## What to produce
Look below for the line containing "So again, the" and the line containing "Hello and welcome", then set down both and every line between them exactly, without pictures.

## Source material
________________________________________

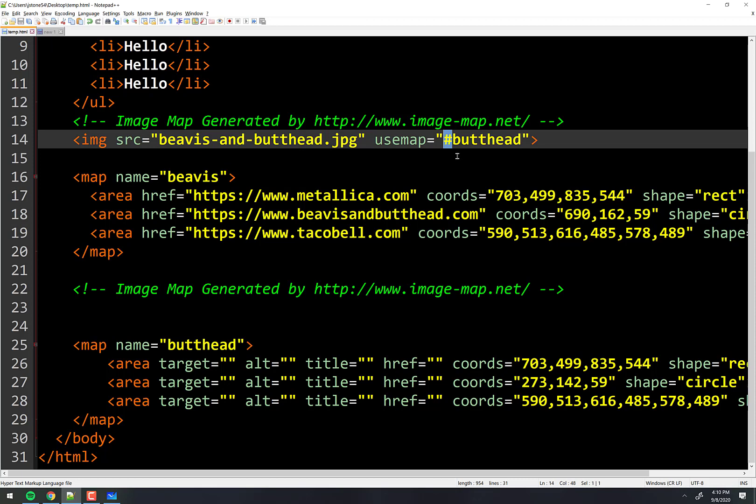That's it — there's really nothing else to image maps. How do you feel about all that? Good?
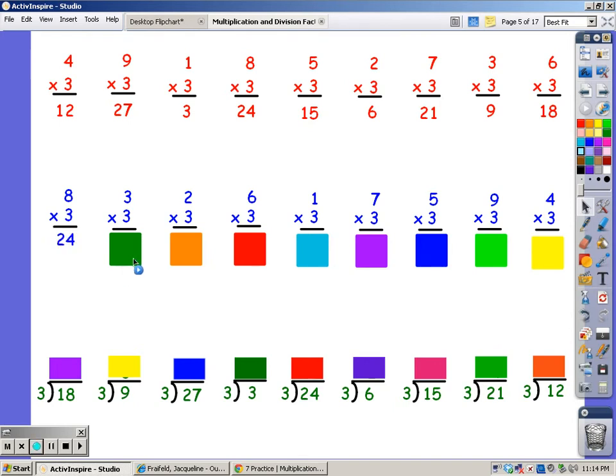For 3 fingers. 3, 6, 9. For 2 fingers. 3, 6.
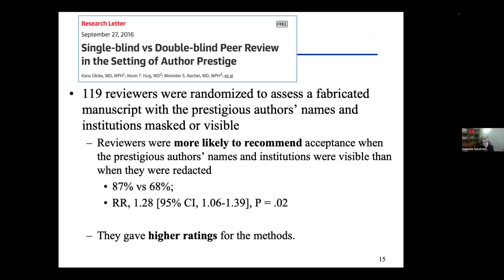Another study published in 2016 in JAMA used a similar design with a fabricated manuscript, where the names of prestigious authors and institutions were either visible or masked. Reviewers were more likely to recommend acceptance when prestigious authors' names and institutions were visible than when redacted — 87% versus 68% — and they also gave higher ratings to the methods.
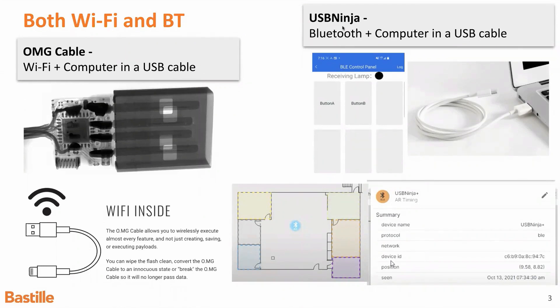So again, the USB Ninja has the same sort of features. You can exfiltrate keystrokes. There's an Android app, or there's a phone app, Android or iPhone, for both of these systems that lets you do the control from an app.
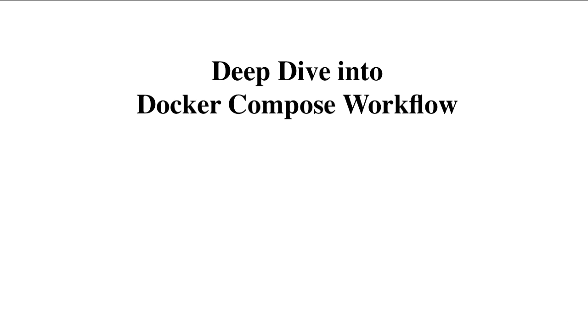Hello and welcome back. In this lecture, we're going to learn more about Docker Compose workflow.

________________________________________

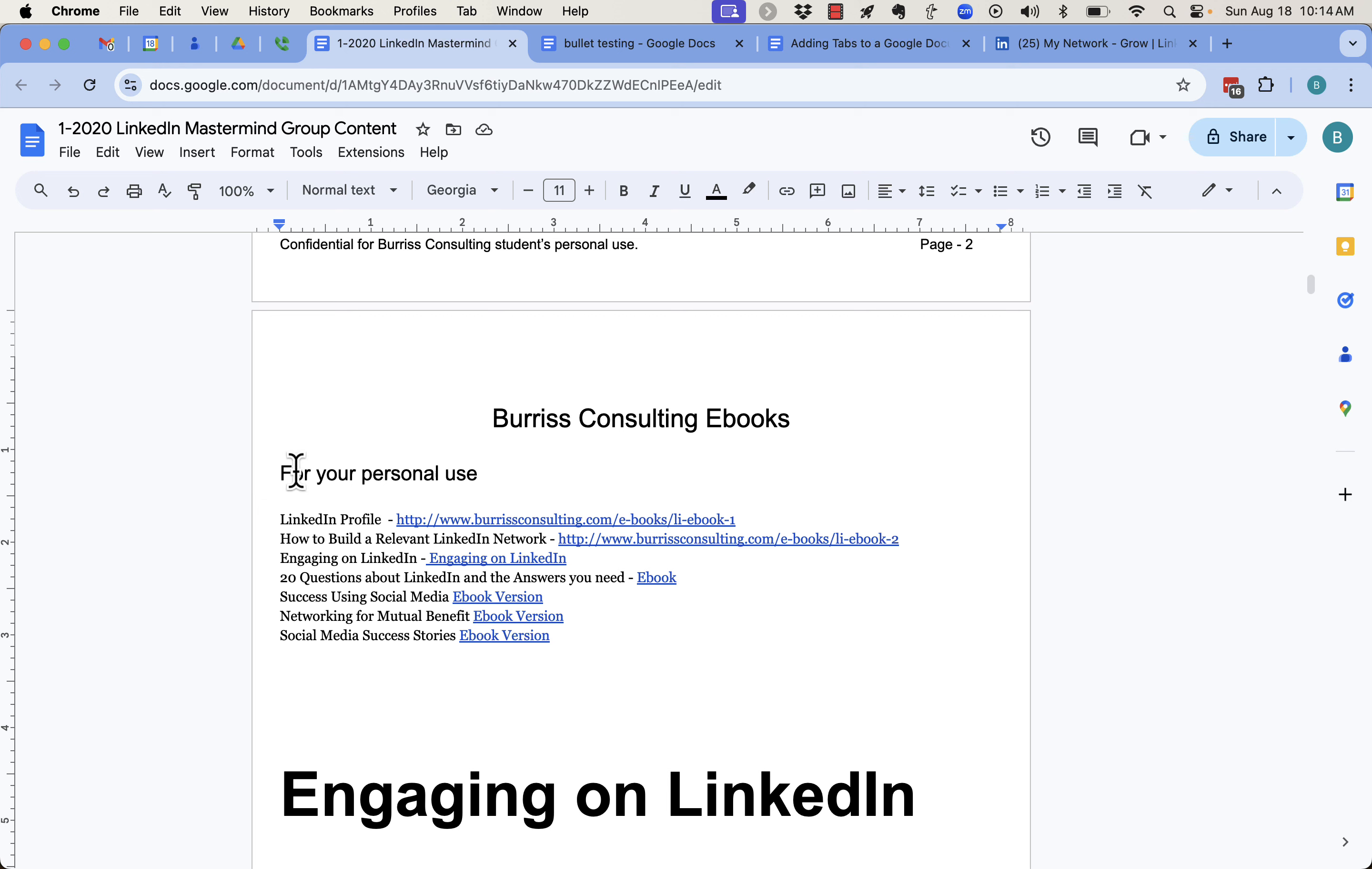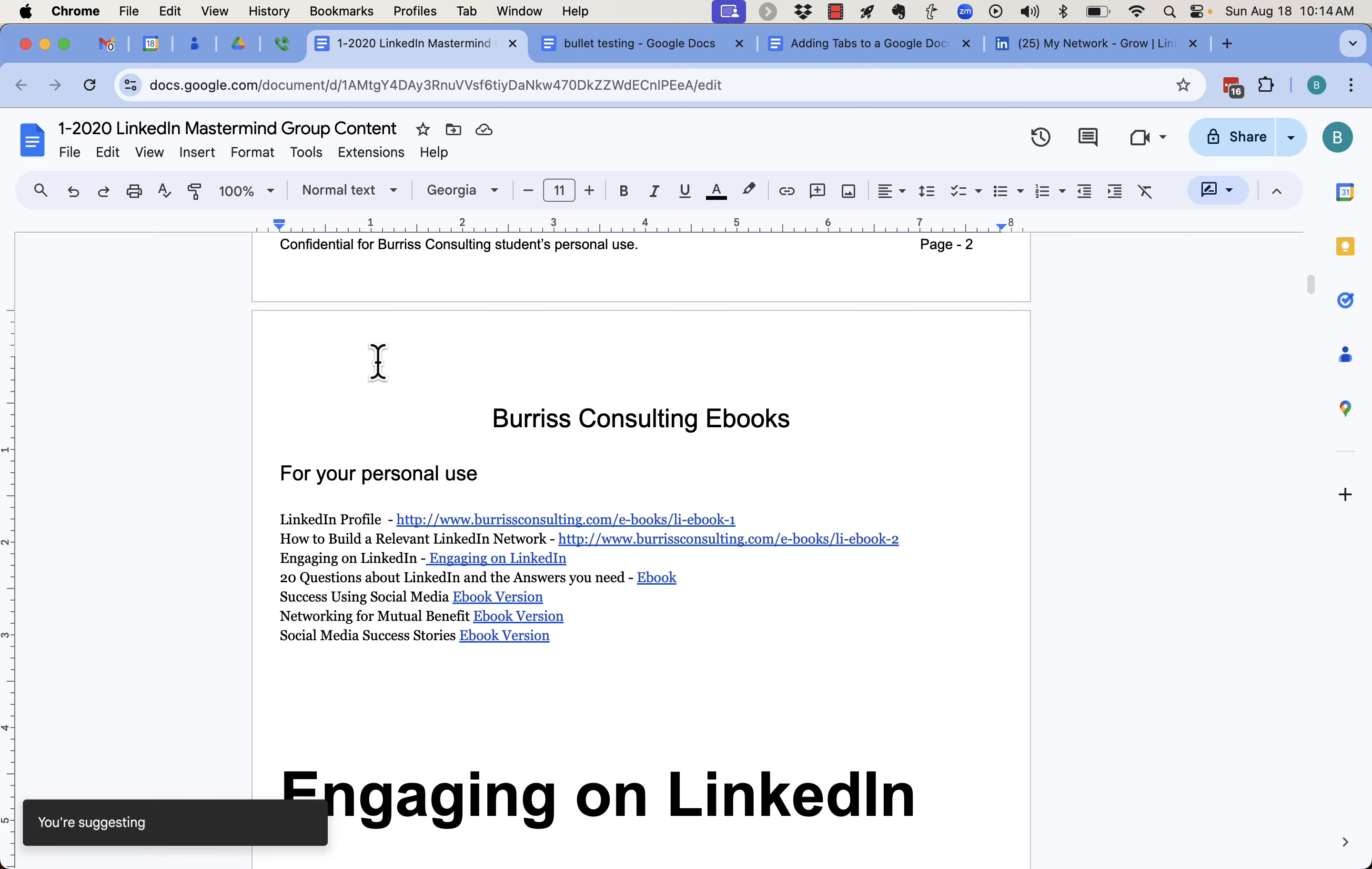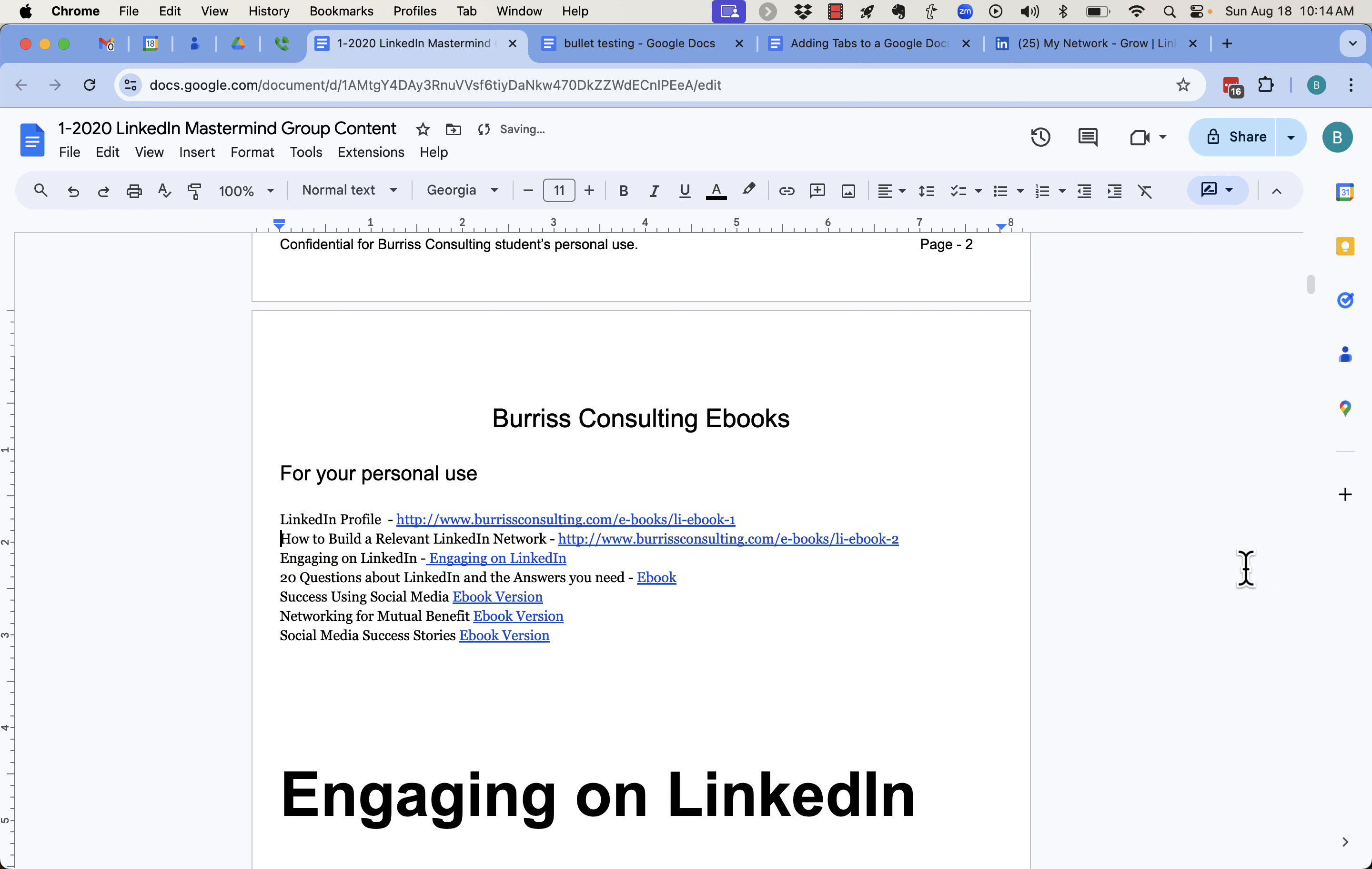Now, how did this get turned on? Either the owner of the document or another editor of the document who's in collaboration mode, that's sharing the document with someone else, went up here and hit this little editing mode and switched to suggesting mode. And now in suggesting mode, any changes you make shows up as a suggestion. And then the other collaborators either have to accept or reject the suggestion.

________________________________________

## Answer box
So again, the USB Ninja has the same sort of features. You can exfiltrate keystrokes. There's an Android app, or there's a phone app, Android or iPhone, for both of these systems that lets you do the control from an app.
Hello and welcome back. In this lecture, we're going to learn more about Docker Compose workflow.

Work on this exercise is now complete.